Half of marine species were decimated, but only 10–22% of those in freshwater. 90% of bony fish species survived. Ray-finned fishes dominated the seas in the aftermath of K–Pg extinction. The demise of the large reptilian sea monsters of the Cretaceous opened the way for cetaceans.
K–Pg was a reenactment of extinction patterns from previous events. Large animals are inherently less well-adapted to withstand dramatic changes than smaller ones, as some niches remain habitable, whereas larger landscapes are drastically diminished during such events. That withstanding, rapid climate change can doom specialist species, as K–Pg showed with the dramatic decline of reptiles.

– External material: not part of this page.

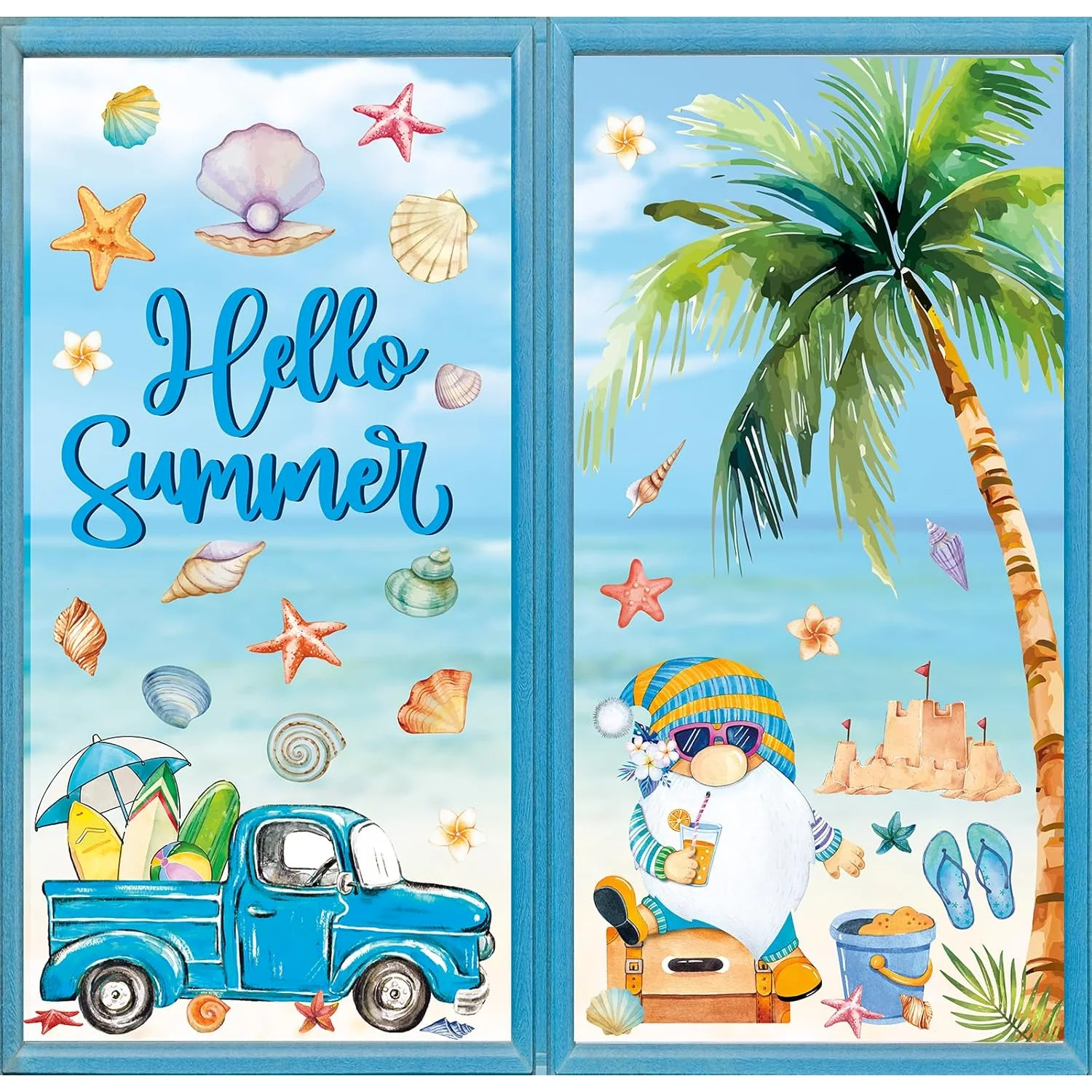 6 Sheet Hello Summer Window Clings Large Palm Tree Sun Beach Gnome Window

The toll on small animals was still high. Over 90% of mammal species worldwide were wiped out. Mammal comeback after the extinction event was surprisingly swift, abetted by the loss of predators and habitat competitors.
Amphibians, reliant upon freshwater, were largely unaffected. Insects, tortoises, and crocodiles fared relatively well.
Many insects are detrivores. Furthermore, most have at least 1 durable resting stage that allows extended dormancy.
Crocodiles and tortoises can survive for long durations without food, and both can be scavengers. All 6 groups of turtles alive at the time made it through.
One trick to making it past the extended winter that followed the Yucatán big bang was being small and mobile, and to be able to survive on what food was available. Fussy eaters did not fare well.
Able to flee devastated areas, tiny dinosaur descendants winged their way past the K–Pg boundary – or at least some of them did. Being toothless, but with strong beaks, meant that birds could survive on seeds or fish the seas. Still, that as many species endured as did is surprising.
Their hardiness served them well. Birds proliferated to become the most speciose tetrapod.
Zoologists have tended to look upon the current geological era as being dominated by mammals, but it as much belongs to birds.